1. What is Calculus? (The Big Picture)

Calculus sounds intimidating, but at its core it answers two simple questions:

  1. How fast is something changing right now? (Differential calculus)
  2. How much has accumulated over time? (Integral calculus)

That is it. Every formula, every rule, every theorem in calculus is just a tool for answering one of those two questions more precisely.

The Speed vs. Distance Analogy

Imagine you are driving a car. Your speedometer tells you your speed at this exact instant -- that is a derivative. Your odometer tells you the total distance you have traveled -- that is an integral.

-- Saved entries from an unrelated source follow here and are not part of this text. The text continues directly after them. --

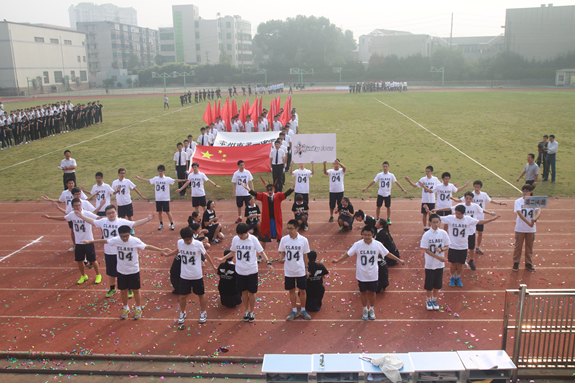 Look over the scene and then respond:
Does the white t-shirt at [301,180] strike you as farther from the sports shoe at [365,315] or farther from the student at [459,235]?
the sports shoe at [365,315]

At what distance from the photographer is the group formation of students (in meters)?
27.5

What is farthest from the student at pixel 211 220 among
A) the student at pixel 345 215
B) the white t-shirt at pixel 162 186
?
the student at pixel 345 215

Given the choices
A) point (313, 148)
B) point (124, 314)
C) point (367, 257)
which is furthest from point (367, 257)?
point (313, 148)

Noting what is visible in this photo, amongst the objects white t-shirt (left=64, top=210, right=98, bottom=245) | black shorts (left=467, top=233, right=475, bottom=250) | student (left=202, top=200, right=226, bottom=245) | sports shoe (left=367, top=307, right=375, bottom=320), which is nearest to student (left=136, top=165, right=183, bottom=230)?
student (left=202, top=200, right=226, bottom=245)

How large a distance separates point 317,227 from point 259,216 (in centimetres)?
249

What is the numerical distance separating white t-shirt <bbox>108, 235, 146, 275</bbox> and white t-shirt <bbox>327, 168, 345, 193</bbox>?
6.35 m

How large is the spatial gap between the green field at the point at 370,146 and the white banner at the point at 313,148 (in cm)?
226

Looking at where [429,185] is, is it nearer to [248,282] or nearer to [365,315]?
[365,315]

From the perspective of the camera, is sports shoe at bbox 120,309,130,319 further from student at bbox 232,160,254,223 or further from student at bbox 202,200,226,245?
student at bbox 232,160,254,223

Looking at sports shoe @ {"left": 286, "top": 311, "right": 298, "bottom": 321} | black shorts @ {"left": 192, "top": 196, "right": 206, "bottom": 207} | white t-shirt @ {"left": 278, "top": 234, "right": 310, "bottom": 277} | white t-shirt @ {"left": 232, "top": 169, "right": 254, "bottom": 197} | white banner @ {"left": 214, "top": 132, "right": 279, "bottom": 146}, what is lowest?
sports shoe @ {"left": 286, "top": 311, "right": 298, "bottom": 321}

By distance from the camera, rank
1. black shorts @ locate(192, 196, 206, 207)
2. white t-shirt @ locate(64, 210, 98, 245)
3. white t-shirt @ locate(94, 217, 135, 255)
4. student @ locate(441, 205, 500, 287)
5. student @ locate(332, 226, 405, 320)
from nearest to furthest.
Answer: student @ locate(332, 226, 405, 320), white t-shirt @ locate(94, 217, 135, 255), student @ locate(441, 205, 500, 287), white t-shirt @ locate(64, 210, 98, 245), black shorts @ locate(192, 196, 206, 207)

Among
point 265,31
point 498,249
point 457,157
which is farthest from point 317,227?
point 265,31

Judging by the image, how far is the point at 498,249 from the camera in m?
11.1

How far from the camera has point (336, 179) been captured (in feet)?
42.0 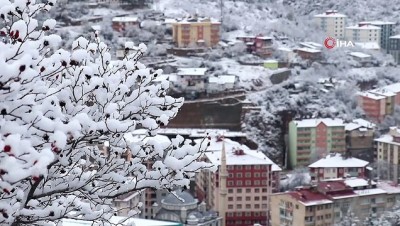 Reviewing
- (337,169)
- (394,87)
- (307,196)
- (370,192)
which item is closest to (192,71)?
(394,87)

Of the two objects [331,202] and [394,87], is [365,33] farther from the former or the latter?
[331,202]

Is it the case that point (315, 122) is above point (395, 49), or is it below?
below

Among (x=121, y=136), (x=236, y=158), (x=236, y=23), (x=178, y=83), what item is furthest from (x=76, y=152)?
(x=236, y=23)

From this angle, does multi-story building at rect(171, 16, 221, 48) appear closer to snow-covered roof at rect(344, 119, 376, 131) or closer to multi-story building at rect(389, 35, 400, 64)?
multi-story building at rect(389, 35, 400, 64)

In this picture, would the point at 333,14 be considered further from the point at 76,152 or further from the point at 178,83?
the point at 76,152

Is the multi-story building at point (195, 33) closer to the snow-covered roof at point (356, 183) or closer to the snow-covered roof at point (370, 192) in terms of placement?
the snow-covered roof at point (356, 183)

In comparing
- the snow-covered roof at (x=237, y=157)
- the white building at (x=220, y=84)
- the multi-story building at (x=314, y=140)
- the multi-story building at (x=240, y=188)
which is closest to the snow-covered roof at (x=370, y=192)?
the multi-story building at (x=240, y=188)
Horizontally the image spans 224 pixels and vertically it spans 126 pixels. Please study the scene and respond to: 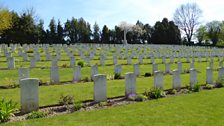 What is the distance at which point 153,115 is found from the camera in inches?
360

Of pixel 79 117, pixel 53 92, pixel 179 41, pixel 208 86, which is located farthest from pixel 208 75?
pixel 179 41

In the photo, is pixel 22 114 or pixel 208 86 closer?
pixel 22 114

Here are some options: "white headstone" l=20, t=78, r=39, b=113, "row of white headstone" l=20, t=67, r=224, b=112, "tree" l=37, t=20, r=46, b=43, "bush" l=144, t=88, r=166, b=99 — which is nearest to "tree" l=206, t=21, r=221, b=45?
"tree" l=37, t=20, r=46, b=43

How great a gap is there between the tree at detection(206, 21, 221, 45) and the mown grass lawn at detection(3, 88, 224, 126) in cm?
8485

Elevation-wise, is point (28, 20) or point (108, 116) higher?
point (28, 20)

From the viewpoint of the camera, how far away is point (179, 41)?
80.8 meters

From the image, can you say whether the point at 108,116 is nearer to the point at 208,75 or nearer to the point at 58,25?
the point at 208,75

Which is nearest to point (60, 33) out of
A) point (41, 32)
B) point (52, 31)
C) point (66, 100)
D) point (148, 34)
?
point (52, 31)

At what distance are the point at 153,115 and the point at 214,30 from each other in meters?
94.3

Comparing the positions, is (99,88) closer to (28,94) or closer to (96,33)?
(28,94)

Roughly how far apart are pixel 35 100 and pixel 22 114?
58 centimetres

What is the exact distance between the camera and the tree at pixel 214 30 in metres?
93.5

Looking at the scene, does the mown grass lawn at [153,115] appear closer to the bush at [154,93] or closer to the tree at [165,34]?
the bush at [154,93]

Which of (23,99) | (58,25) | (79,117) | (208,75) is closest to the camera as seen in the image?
(79,117) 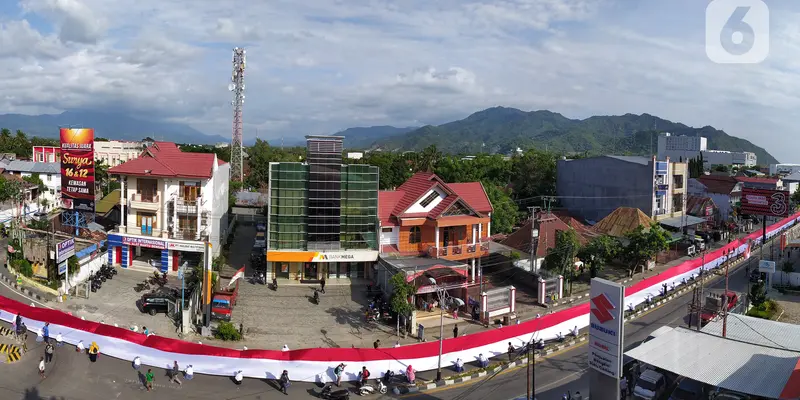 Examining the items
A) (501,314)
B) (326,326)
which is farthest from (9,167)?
(501,314)

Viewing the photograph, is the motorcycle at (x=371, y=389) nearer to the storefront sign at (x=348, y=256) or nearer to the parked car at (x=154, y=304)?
the storefront sign at (x=348, y=256)

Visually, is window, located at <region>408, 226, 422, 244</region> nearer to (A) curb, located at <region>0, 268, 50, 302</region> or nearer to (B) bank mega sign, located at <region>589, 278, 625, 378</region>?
(B) bank mega sign, located at <region>589, 278, 625, 378</region>

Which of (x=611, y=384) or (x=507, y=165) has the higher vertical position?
(x=507, y=165)

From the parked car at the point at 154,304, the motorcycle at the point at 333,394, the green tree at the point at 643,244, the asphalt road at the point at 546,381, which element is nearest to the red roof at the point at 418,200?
the green tree at the point at 643,244

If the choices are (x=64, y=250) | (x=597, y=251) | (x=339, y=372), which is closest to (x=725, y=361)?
(x=339, y=372)

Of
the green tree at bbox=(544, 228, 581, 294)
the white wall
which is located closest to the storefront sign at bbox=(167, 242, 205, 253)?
the white wall

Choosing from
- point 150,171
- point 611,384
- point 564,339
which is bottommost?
point 564,339

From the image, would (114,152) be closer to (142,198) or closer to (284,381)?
(142,198)

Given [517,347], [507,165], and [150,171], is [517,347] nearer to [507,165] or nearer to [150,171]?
[150,171]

Calculus is the math that connects these two ideas.

These two operations are inverses of each other -- and that beautiful connection is called the Fundamental Theorem of Calculus.

Why Programmers Need Calculus

You might wonder: "I write code, not physics papers. Why do I need this?" Here is why:

Tip

You do not need to be a calculus wizard to be a great programmer. But understanding the core ideas -- especially derivatives and what they mean -- will unlock entire areas of CS that would otherwise feel like black-box magic.

2. Limits

Before you can understand derivatives or integrals, you need limits. A limit answers the question: "What value does f(x) approach as x gets closer and closer to some number?"

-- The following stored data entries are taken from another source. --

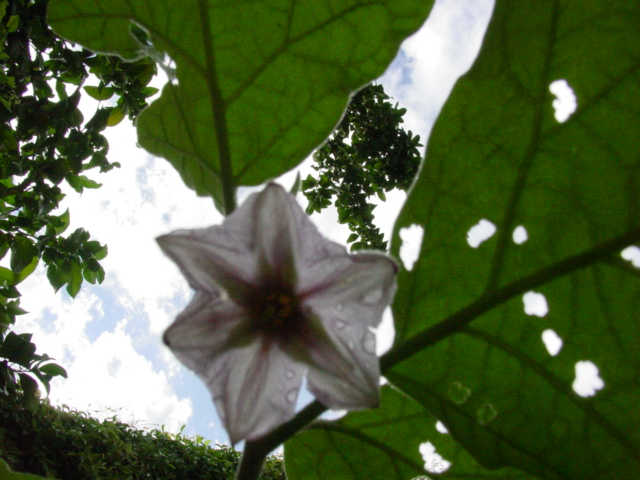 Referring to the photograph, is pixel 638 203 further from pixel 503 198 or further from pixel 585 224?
pixel 503 198

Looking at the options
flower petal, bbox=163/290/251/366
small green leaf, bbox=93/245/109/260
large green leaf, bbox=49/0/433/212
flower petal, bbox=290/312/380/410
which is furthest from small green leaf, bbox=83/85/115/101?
flower petal, bbox=290/312/380/410

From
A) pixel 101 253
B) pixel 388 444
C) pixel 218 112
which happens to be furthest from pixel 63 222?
pixel 388 444

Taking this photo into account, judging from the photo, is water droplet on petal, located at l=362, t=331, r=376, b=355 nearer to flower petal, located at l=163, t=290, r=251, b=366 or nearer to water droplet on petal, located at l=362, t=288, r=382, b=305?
water droplet on petal, located at l=362, t=288, r=382, b=305

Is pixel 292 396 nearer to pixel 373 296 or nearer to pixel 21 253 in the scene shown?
pixel 373 296

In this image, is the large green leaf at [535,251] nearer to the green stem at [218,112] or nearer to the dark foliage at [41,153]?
the green stem at [218,112]

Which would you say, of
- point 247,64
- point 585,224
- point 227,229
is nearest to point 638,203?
point 585,224

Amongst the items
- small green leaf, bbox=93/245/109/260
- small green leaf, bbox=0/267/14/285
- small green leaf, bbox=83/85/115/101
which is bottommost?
small green leaf, bbox=0/267/14/285

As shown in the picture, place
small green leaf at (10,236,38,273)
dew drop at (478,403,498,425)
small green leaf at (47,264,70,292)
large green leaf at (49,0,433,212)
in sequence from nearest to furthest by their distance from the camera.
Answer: dew drop at (478,403,498,425) → large green leaf at (49,0,433,212) → small green leaf at (10,236,38,273) → small green leaf at (47,264,70,292)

Notice the word "approach." We do not care what f(x) actually equals at that point -- we care about what it is heading toward.

Notation

lim f(x) = L x → a "The limit of f(x) as x approaches a equals L"

This means: as x gets closer and closer to a (from both sides), f(x) gets closer and closer to L.

One-Sided Limits

Sometimes a function approaches different values depending on which direction you come from:

Left-hand limit: lim f(x) = L x → a− Right-hand limit: lim f(x) = L x → a+

The full (two-sided) limit exists only if the left-hand and right-hand limits are equal. If they disagree, the limit does not exist.

Limits at Infinity

We can also ask what happens as x grows without bound:

lim f(x) = L x → ∞ "As x grows infinitely large, f(x) approaches L"
Example

Find: lim (1/x) as x → ∞

As x gets bigger and bigger (10, 100, 1000, ...), 1/x gets smaller and smaller (0.1, 0.01, 0.001, ...).

Answer: The limit is 0.

When Limits Do Not Exist

A limit does not exist (DNE) when:

How to Evaluate Limits

Method 1: Direct Substitution

Just plug in the value of a. If you get a real number, that is the limit. This works for most "nice" functions (polynomials, exponentials, trig).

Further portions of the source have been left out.